#### [Description of the task]
Repeat the entries without change, omitting the pictures.

Scraped caption text data:
..........
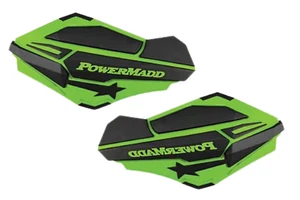 Powermadd Replacement Sentinel Hand Guards Handguards Green Black Dirtbike 34403 - Picture 1 of 4
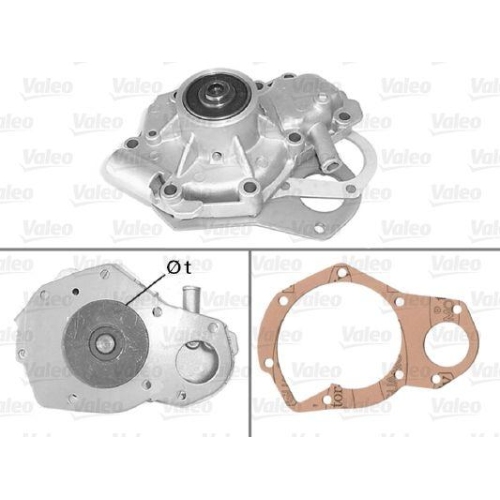 VALEO Wasserpumpe, Motork&uuml;hlung 506076
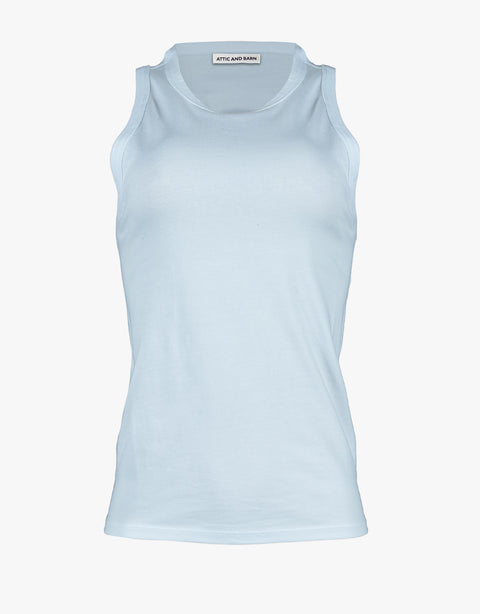 ATTIC AND BARN STRETCH JERSEY TANK TOP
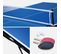Mini Table De Ping Pong 150x75cm - Table Pliable Indoor Bleue. Avec 2 Raquettes Et 3 Balles. Valise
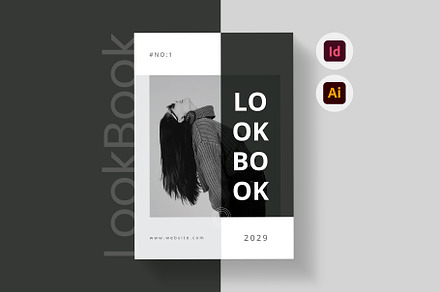 Fashion Lookbook, a Magazine Template by Pixelpick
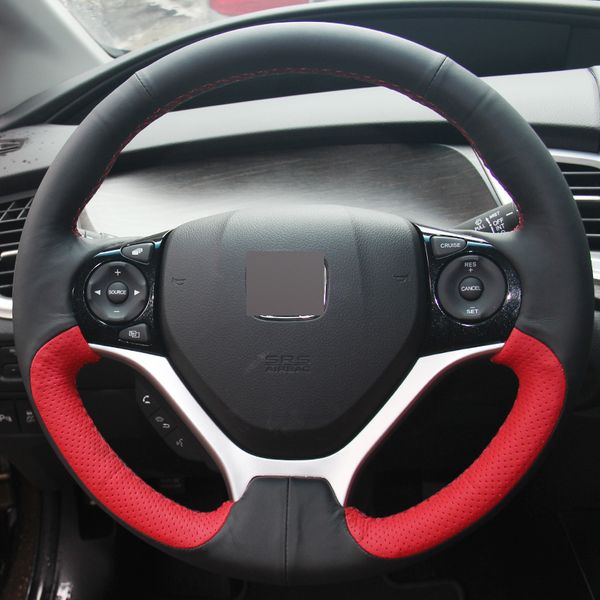 red black genuine leather hand-stitched steering wheel cover for honda civic civic 9 2012-2015
red black genuine leather hand-stitched steering wheel cover for honda civic civic 9 2012-2015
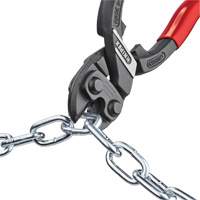 CoBolt&reg; High Leverage XL Compact Bolt Cutters with Notched Blade, 10" L, Center Cut Waymarc Industries Inc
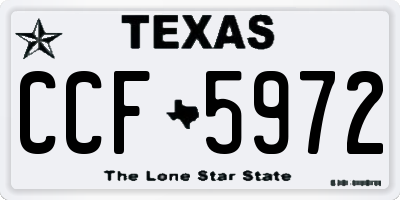 TX license plate CCF5972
..........
#### [Your response]
 Powermadd Replacement Sentinel Hand Guards Handguards Green Black Dirtbike 34403 - Picture 1 of 4
 VALEO Wasserpumpe, Motork&uuml;hlung 506076
 ATTIC AND BARN STRETCH JERSEY TANK TOP
Mini Table De Ping Pong 150x75cm - Table Pliable Indoor Bleue. Avec 2 Raquettes Et 3 Balles. Valise
 Fashion Lookbook, a Magazine Template by Pixelpick
 red black genuine leather hand-stitched steering wheel cover for honda civic civic 9 2012-2015
red black genuine leather hand-stitched steering wheel cover for honda civic civic 9 2012-2015
 CoBolt&reg; High Leverage XL Compact Bolt Cutters with Notched Blade, 10" L, Center Cut Waymarc Industries Inc
 TX license plate CCF5972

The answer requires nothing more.